A new version of this tool was released and this article is out of date. You can find detailed information about the new version in this blog post: Denelezh 2.0, a transitional version.

Context
Features
Methodology
Analysis
Technical overview

Context

Last November, for the 10th anniversary of Wiki Brest, Florence Devouard gave a talk about wikis (« Les wikis et vous ? », “Wikis and you”). She of course mentioned the gender gap in Wikipedia, that occurs on many levels: biographies in Wikipedia are mainly about men, Wikipedia contributors are mainly men (the audience that day could not deny that with the row of Wikimedians composed exclusively of men), etc.

One difficulty is to measure those gaps and how they differ from the gender gap in real world. As I contribute about French politicians on Wikidata, I had one example in mind where the gap in Wikipedia biographies was only a reflect of the real world: in French National Assembly, there are only 27 % of women and the gap has been slowly decreasing for only 20 years. But I had no clue for other professions or countries.

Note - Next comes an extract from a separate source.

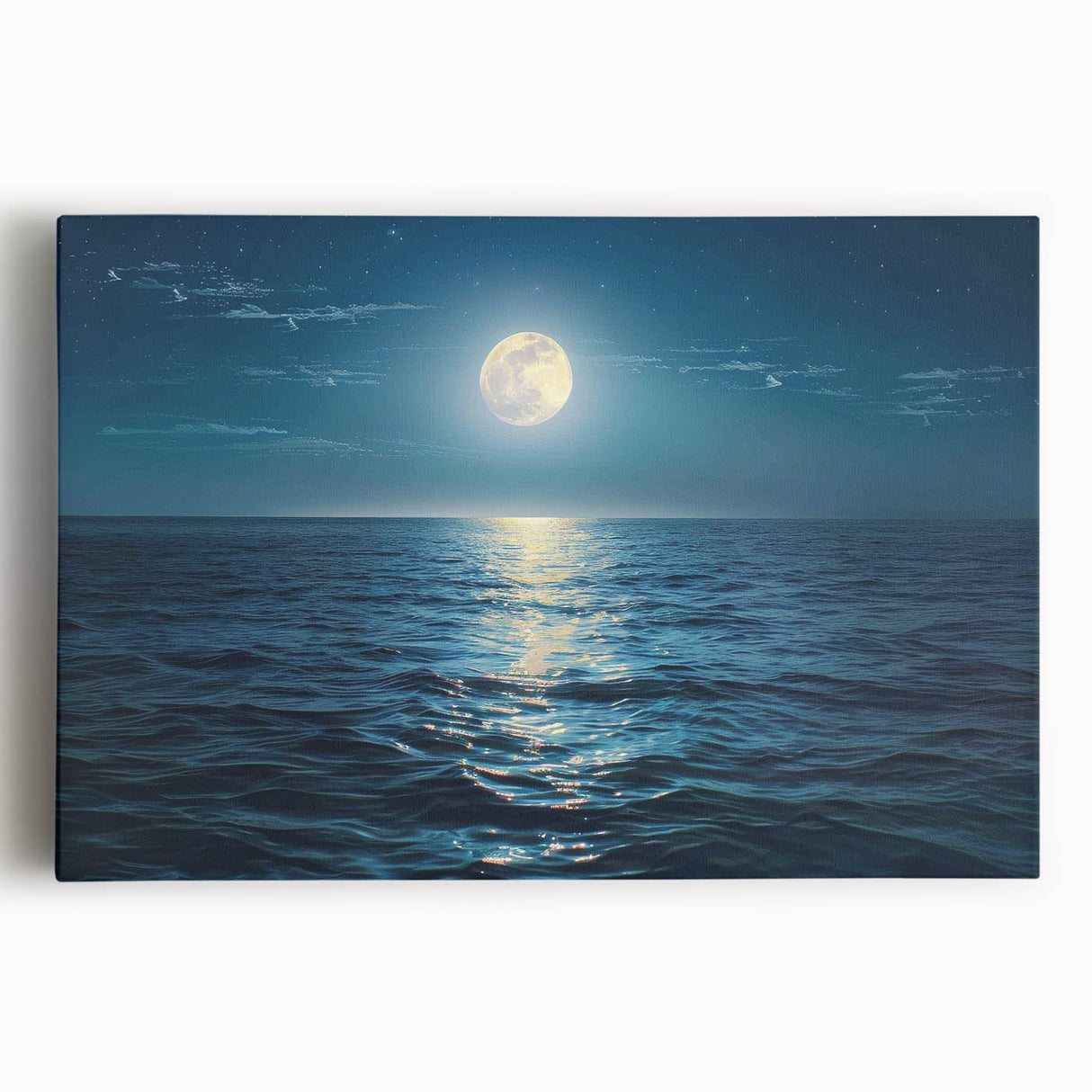 Stretched canvas wall art collection featuring a vibrant seascape design with calming blue and green hues, perfect for coastal-themed decor and serene ambiance.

Wikidata is the central repository of Wikimedia projects for structured data. As of March 2017, it holds data about 25 million concepts (called items), including more than 3 million notable people. An idea was to use this huge content to have more statistics about gender gap. Three weeks ago, I started to work on a reporting tool to automatically compute data from Wikidata and display statistics about the gender gap: Gender Gap in Wikidata. The tool is available since March 8, 2017.

Features

The tool provides indicators about:

Humans in Wikidata,
Humans in Wikidata linked to at least one wikipedia (it can be seen as the number of notable people, even though each wikipedia has its own notability rules),
Links to wikipedias for humans in Wikidata (it can be seen as the number of biographies in wikipedias).

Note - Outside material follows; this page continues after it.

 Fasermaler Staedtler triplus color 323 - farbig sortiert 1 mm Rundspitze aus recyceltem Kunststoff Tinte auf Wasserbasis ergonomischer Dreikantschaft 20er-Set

For each set, it displays data for three subsets: women, men and others. Others subset gathers humans whose gender is known but neither female nor male.

Each set can be aggregated by year of birth, country of citizenship and occupation, with all possible combinations.

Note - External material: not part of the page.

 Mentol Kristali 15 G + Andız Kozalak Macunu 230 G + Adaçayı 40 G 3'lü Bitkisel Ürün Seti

Aggregated data can be downloaded as a CSV file from the About page.

An important point is that not all humans in Wikidata are used to produce these statistics. To sum up, only humans with gender, year of birth and country of citizenship are used. This is explained in the following section.

Methodology

Dump

Each week, Wikidata provides a full copy of its database (called dump). In the following sections, figures were made using the dump of March 6th 2017.

In a dump, data is structured in statements. A statement is a triplet item–property–value. An item can have several values for a given property. For example, a person can have more than one occupation. Another example is when sources disagree about an information.

Each statement has a rank: preferred, normal, or deprecated. The tool ignores statements with deprecated rank. When it looks for a single value of a property, it is done by looking first in the subset of statements with preferred rank for this property. If and only if this subset is empty, it looks in the subset of statements with normal rank.

Human

Rule 0: A human is an item with a single value of property instance of, equal to human.

There are 3,400,591 humans.

Gender

The tool aggregates humans by gender, in 3 subsets (females, males, and others). Each value which differs from female and male is considered as other.

Rule 1: Each human has a single value of property gender.

This has two effects:

Humans with no gender (227,426) are discarded.
Humans with more than one gender are discarded. It makes analysis easier (no subset shares element with another subset). It filters only 207 people, which is light compared to the set of humans with exactly one gender (3,172,958), but significant compared to the final size of others subset (156). Maybe those humans should be considered as others, instead of removing them?

Property values are not checked, meaning that some may be false. In the dump, gender values are:

Value	Count
male	2,645,020
female	527,692
transgender female	153
transgender male	45
intersex	24
genderqueer	15
male organism	4
female organism	2
Hombre	1
kathoey	1
transgender	1

There are only 7 obvious errors:

Female organism and male organism are values reserved for non-human organisms,
Hombre is an American magazine, which name means man in Spanish.

Other errors can still exist (for example, a man with female for its gender).

Year of birth

The tool aggregates humans by year of birth.

Rule 2a: Each human has a single value for its year of birth.

There are 2,635,804 humans with a single value for the property date of birth. When there are more than one value for it, the tool checks that all the values have at least yearly precision and that the year is the same for all the values. It allows to keep 9,204 extra humans. There are 2,617,321 humans with a year of birth.

Rule 2b: Year of birth can not be before 1600.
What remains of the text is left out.